Religious freedoms vs. religious rights | Last Word

State Sen. Donna Campbell, whose district includes a good portion of San Antonio, this week filed legislation aimed at passing an amendment to the state constitution protecting the religious rights of Texans.

The language is almost identical to legislation she filed two years ago.

That measure died in committee after a range of opponents raised some surprising objections.

Sen. Leticia Van de Putte worried that it might void laws that keep members of the Westboro Baptist Church a prescribed distance away as they yell hateful things during military burials.

Former Rep. Scott Hochberg, who authored a state law protecting such freedoms, noted that this law prohibited a “substantial burden” on the exercise of religion.

Campbell’s proposed amendment eliminates the word “substantial.”

Under the current law, Hochberg noted, Jewish inmates could request transfer to the one state prison that has a kosher kitchen – a burden if it takes the inmate farther from his family, but not a substantial burden under the law.

Under Campbell’s amendment, he said, all prisons could be required to install kosher kitchens.

The current bill, by the way, is strong enough that a judge upheld the right of a Santeria priest in Euless to ritually slaughter a goat in his back yard in violation of a city ordinance.

The executive director of the Texas Alliance for Life worried that under Campbell’s amendment “abortion would become a religious right and taxpayers could be forced to pay for abortions.”

Campbell, a staunch opponent of abortion, said she was “unfamiliar with any religious doctrine that supports the right to abortion.” 

Campbell needs to get out more.

Apparently she is not aware that the Episcopal Church, the American Presbyterian Church, Unitarians and the Evangelical Lutheran Church all support abortion rights.

The United Church of Christ also officially supports tax funding for abortions for low-income women.

Since Campbell’s current measure is almost identical to the one she filed two years ago, these objections presumably still stand.

This week however, gay groups also raised the alarm.

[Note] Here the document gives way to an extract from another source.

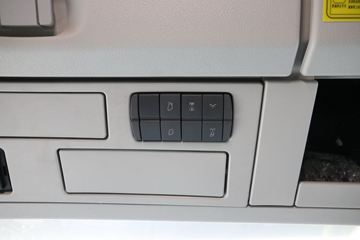 ���� ŷ��EST 580���� 6X4 �Զ���ǣ����(����)ͼƬ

They are concerned that her measure would gut non-discrimination ordinances passed in recent years by cities ranging from El Paso to Houston.

The measure says:

Government may not burden an individual’s or religious Organization’s freedom of religion or right to act or refuse to act in a manner motivated by a sincerely held religious belief unless the government proves that the burden is in furtherance of a compelling governmental interest and is the least restrictive means of furthering that interest.
The measure defines “burden” as including “withholding benefits, assessing penalties, and denying access to facilities or programs.”

Gay activists worry that the amendment could gut the anti-discrimination ordinance San Antonio’s City Council passed last year.

For example, a company with city contracts could not lose its contract for firing an employee the company owner learned was gay.

But because the measure’s language does not mention gays, all devoutly held religious convictions would presumably be equally protected.

A business owner who is a devout Catholic could fire an employee for divorcing and re-marrying, or for using contraception.

A devout Jewish landlord could rent only to tenants who agreed to run a kosher kitchen.

An old-fashioned Baptist boss could fire an employee after learning that she went dancing.

And a Muslim entrepreneur could dismiss an employee after finding that he had drunk water in daylight during Ramadan.

That would be un-American.

So would all the other actions listed above.

America works because we permit everyone their religious beliefs, and because we don’t allow them to enforce their beliefs on others.